Statenvertaling

Hosea 9:5-11 Statenvertaling (SV1750)

5. Wat zult gijlieden dan doen op een gezetten hoogtijdsdag, en op een feestdag des HEEREN?

6. Want ziet, zij gaan daarhenen vanwege de verstoring; Egypte zal ze verzamelen, Mof zal ze begraven; begeerte zal er zijn naar hun zilver, netelen zullen hen erfelijk bezitten, doornen zullen in hun tenten zijn.

7. De dagen der bezoeking zijn gekomen, de dagen der vergelding zijn gekomen; die van Israel zullen het gewaar worden; de profeet is een dwaas, de man des geestes is onzinnig; om de grootheid uwer ongerechtigheid is de haat ook groot.

8. De wachter van Efraim is met mijn God, maar de profeet is een vogelvangersstrik, op al zijn wegen, een haat in het huis zijns Gods.

9. Zij hebben zich zeer diep verdorven, als in de dagen van Gibea; Hij zal hunner ongerechtigheid gedenken, Hij zal hun zonden bezoeken.

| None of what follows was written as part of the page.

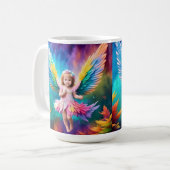 Mug Bébé Bébé Ange ailes Art-38424 (Devant gauche)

10. Ik vond Israel als druiven in de woestijn, Ik zag uw vaderen als de eerste vrucht aan den vijgeboom in haar beginsel; maar zij gingen in tot Baal-peor, en zonderden zich af tot die schaamte, en werden gans verfoeilijk naar hun boelerij.

11. Aangaande Efraim, hunlieder heerlijkheid zal wegvlieden als een vogel; van de geboorte, en van moeders buik, en van de ontvangenis af.